1.1.1 飛行高度為5 m的環境背景值監測 基于無人機飛行平臺的記錄數據,并在到達預定位置后開啟監測儀器進行數據監測和記錄,其結果如表1所示。

表1 飛行高度為5 m的環境背景CO2濃度分布
通過監測數據發現,在實驗場的5 m高的斷面下,CO2濃度最高值為496 mg/kg,最低值為450 mg/kg,平均濃度為472 mg/kg,5 m斷面層的波動幅度為46 mg/kg,斷面濃度的標準差為12,導致斷面CO2濃度出現波動主要原因是環境風速的不穩定、無人機旋翼速度變化造成的空氣擾動和距離地面太低受地面環境干擾情況較大。
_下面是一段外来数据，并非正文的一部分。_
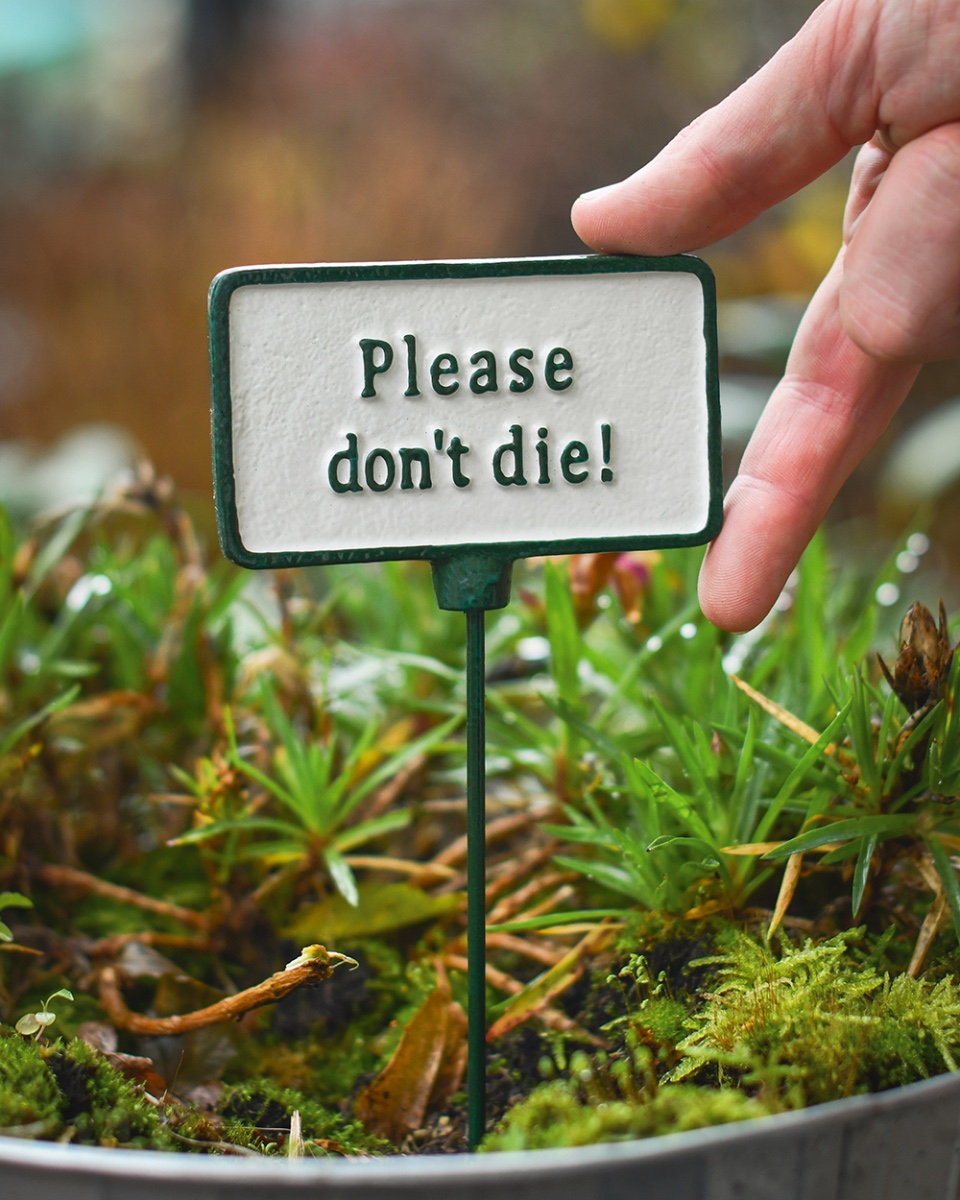 Cast Iron 'Please Don't Die!' Humorous Plant Pot Spike Scale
1.1.2 飛行高度為9 m的環境背景值監測 表2是根據無人機飛行數據和監測平臺記錄下的不同位置的濃度數據。

表2 飛行高度為9 m的環境背景CO2濃度分布
通過監測數據發現,在實驗場的9 m高的斷面下,CO2濃度最高值為483 mg/kg,最低值為430 mg/kg平均濃度為449 mg/kg,監測數據的標準差為15。相較于5 m斷面的46 mg/kg的波動幅度9 m斷面的波動幅度達到53 mg/kg,相對穩定性略微較低,但總體濃度相較于5 m斷面有所較低,平均濃度相差了23 mg/kg。
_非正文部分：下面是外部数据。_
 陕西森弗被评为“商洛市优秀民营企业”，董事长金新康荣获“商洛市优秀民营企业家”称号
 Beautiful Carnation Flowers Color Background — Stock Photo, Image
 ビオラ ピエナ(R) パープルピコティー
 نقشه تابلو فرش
1.1.3 飛行高度為13 m的環境背景值監測和CO2垂直濃度監測 在進行13 m斷面層的環境背景值監測的過程中沒有完全按照預設航線進行飛行,在飛行半個斷面后在垂直高度上不斷拉高高度至40 m左右,分別在多個高度下獲取了CO2濃度值,濃度分布如表3所示。

表3 飛行高度為13 m的環境背景CO2濃度分布
在13 m的斷面層下, CO2濃度最高值為473 mg/kg,最低值為420 mg/kg,平均濃度為448 mg/kg,13 m下波動幅度為53 mg/kg與9 m斷面層的波動幅度一樣,但通過監測數據標準差發現,13 m斷面層的背景濃度數據的標準差要高于9 m斷面層,但平均濃度有所降低且與9 m高度的斷面層濃度相近。
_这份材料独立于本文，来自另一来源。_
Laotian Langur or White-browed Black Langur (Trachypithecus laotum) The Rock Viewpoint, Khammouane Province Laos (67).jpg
表4為同一位置不同高度下的CO2濃度分布。由表4可知,在同一位置不同高度下的CO2濃度變化幅度較小,最高值濃度出現在31.9 m的高度下為486 mg/kg,最小值為15 m的高度下的453 mg/kg。

表4 同一位置不同高度下CO2垂直濃度分布
通過多個斷面的環境背景值監測發現,在同樣的條件下試驗場內的CO2濃度隨著高度在不斷變化,從3個斷面層的平均濃度的角度來看,隨著高度的升高,環境中的CO2濃度降低,可能與CO2本身具有沉降性有關,但是以某個高度點的一個濃度數據對比發現濃度與高度的關系不是很明顯,究其原因可能是試驗場相對較小,無人機旋翼對試驗場的空氣流動造成了很大的擾動,導致飛行過程中監測到的是一個相對不穩定的空氣場,但是在實際監測過程中同樣存在無人機旋翼的干擾,同樣條件下的背景值才更具有參考意義;通過斷面層監測數據的標準差發現隨著高度的增加,監測數據的離散程度升高,可能是斷面層越高大氣環境越不穩定導致的。普遍認為在全球環境中,CO2在空氣中的含量在380~390 mg/kg,由于試驗場所處位置周圍有多處高層建筑和居民點,人類活動頻繁且試驗當天環境污染程度較高,霧霾嚴重,風速較小等原因導致試驗場CO2濃度處于較高水平。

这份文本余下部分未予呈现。